L’épuisement du motif, sans doute, à l’imitation de cette bulle qu’il faut refaire indéfiniment à mesure qu’elle se perd et tant qu’on a encore du souffle et du savon à disposition. Et puisqu’on n’est jamais vraiment sûr de l’avoir vue, il faut en faire le tour plusieurs fois et la considérer par tous ses côtés même si elle en manque. Ce texte à la façon d’une ritournelle, optique et gestuelle, essaie d’emprunter ce temps répétitif, ce faisant, il en fabrique un autre, lui donne un certain rythme, il trace des lignes, comme le fait la bulle, chaque fois différentes et finit par sortir du cadre avec elle, une dernière ligne, de fuite.
Cette ritournelle on peut la voir d’un livre à l’autre, comme j’ai déjà eu l’occasion de le dire, un peu obsessionnelle tel les deux défricheurs de nature morte, dans ces reprises, textes et images, mais refigurées ou défigurées si on préfère, recomposées à l’envi, peut-être jusqu’à épuisement du motif ou de la personne au travail.
Emmanuèle Jawad : Rien à cette magie est un dispositif poétique d’où convergent simultanément domaine de l’optique, arts, références aux lois physiques de la matière, élément (air), comportant une dimension onirique prégnante dans ce dernier livre. Comment situer Rien à cette magie au regard de l’ensemble des livres ?
Suzanne Doppelt : Pour moi la continuité est évidente, comme je l’ai dit, reviennent là certains éléments, le personnage en double, le motif de la sphère et bien entendu un tableau autour duquel il s’agit de tourner, un de plus, qu’on tente de traverser d’une manière ou d’une autre, sachant que tout comme le texte, il garde ses distances pour se retrouver peut-être dans ce repli. Oui, encore des questions d’optique, ces dispositifs m’ont toujours fascinée, la camera oscura qui retourne les images, l’autre chambre noire dans laquelle on fabriquait au XIXème le retour des ancêtres sur les clichés au moyen de quelques trucages, les perspectives savamment dépravées des anamorphoses, les boites d’optique comme celle de Samuel van Hoogstraten que j’essaie de déplier dans Vak spectra, cet intérieur qui ne cesse de se réagencer ou encore les miroirs qui réalisent toutes sortes d’artifices, de surprises, montrent des images voltigeant par l’air, une affaire de point de vue, de point de fuite encore. Rien de tel qu’une bonne bulle de savon, translucide mais pas tout à fait, hésitante et imprévisible à souhait pour se demander comment et qu’est-ce qu’on voit et si on a bien vu.

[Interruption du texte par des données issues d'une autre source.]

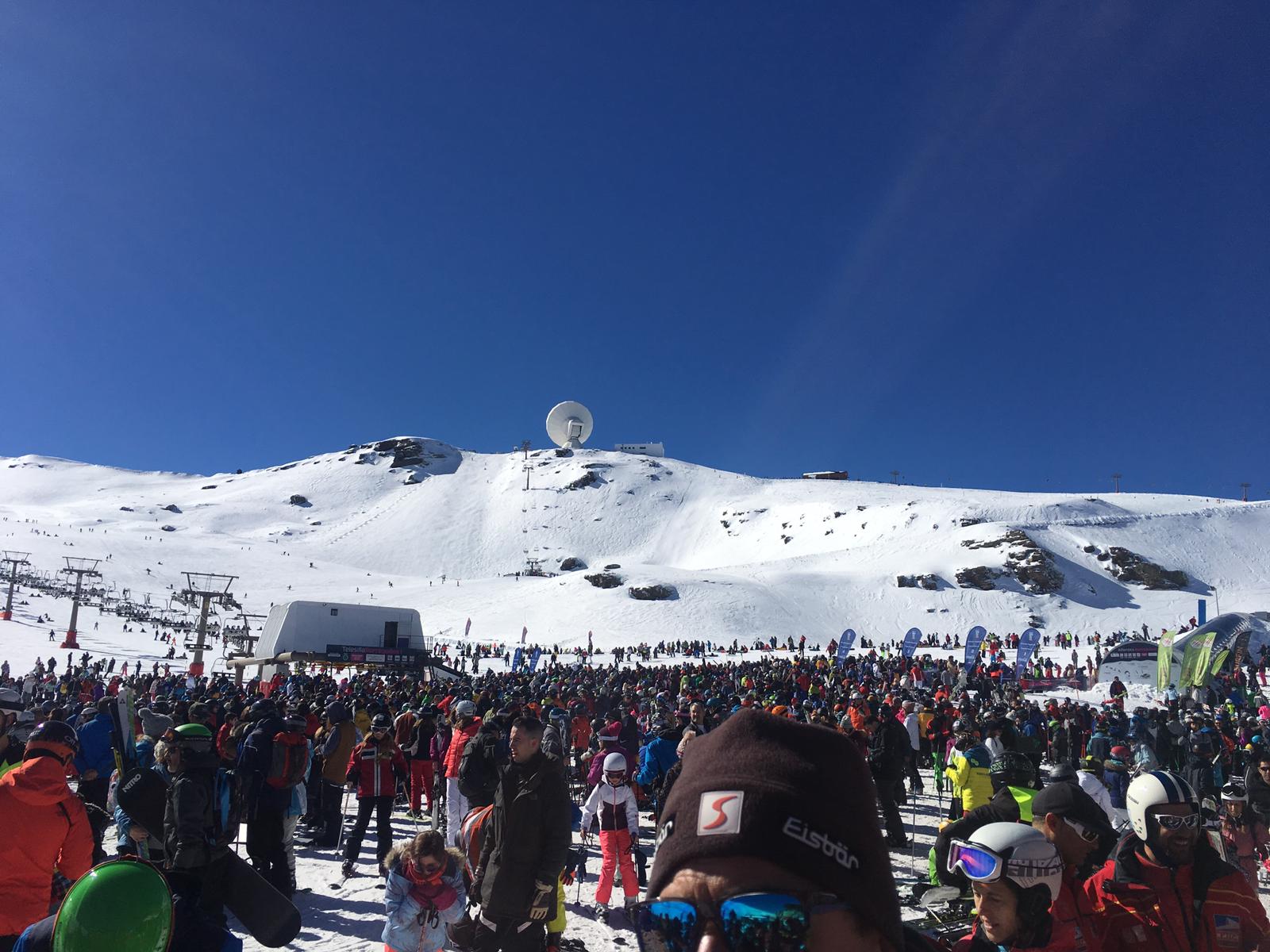 La estación de esquí presenta un aspecto inmejorable, con miles de esquiadores y algunas retenciones en la Hoya de la Mora por la gran afluencia de público.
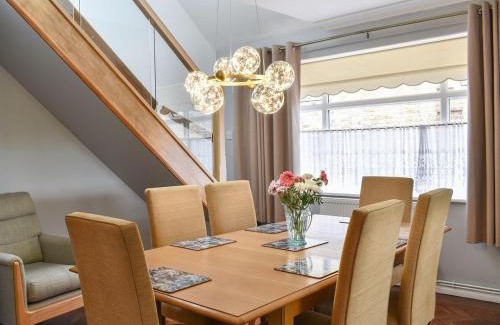Westgate-on-Sea House | Top-Rated The Fairway: Family & Pet-Friendly Getaway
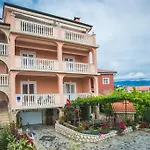 Kastell Appartamento Lopar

Non évidemment, il faudrait au moins l’œil mosaïque de la mouche.
Les lois physiques aussi mais telles qu’on peut les tirer vers leurs jeux ou leurs aberrations.
Ici il s’agit bien d’un phénomène tout à fait physique et chimique, du savon, de l’eau et de l’air, rien de plus simple, mais beaucoup de traités pour comprendre comment se produit et se comporte ce petit module évanescent, presque introuvable, comme l’est le petit témoin dont la bouche est escamotée, aussi muet que l’autre une paille entre les lèvres. Le silence donc, ils sont bel et bien là mais c’est un peu comme s’ils manquaient à leur place, une coupe temporelle, une pause pour produire son propre temps qui s’efface au fur et à mesure. L’un semble enseigner quelque chose à l’autre, et c’est sans doute une autre récurrence dans mes livres, il faut récupérer du savoir : les mathématiques à travers un polyèdre détrempé, l’architecture à travers une maison diffractée, la physique et la philosophie à travers une bulle de savon… C’est un beau support de clairvoyance, c’est aussi un monde en réduction, une idée, un tracé, un visage, tout ce qu’on y voit et pas. Il faut réhabiliter la bulle, si elle en avait besoin, comme il m’est arrivé de réhabiliter la mouche ou l’araignée.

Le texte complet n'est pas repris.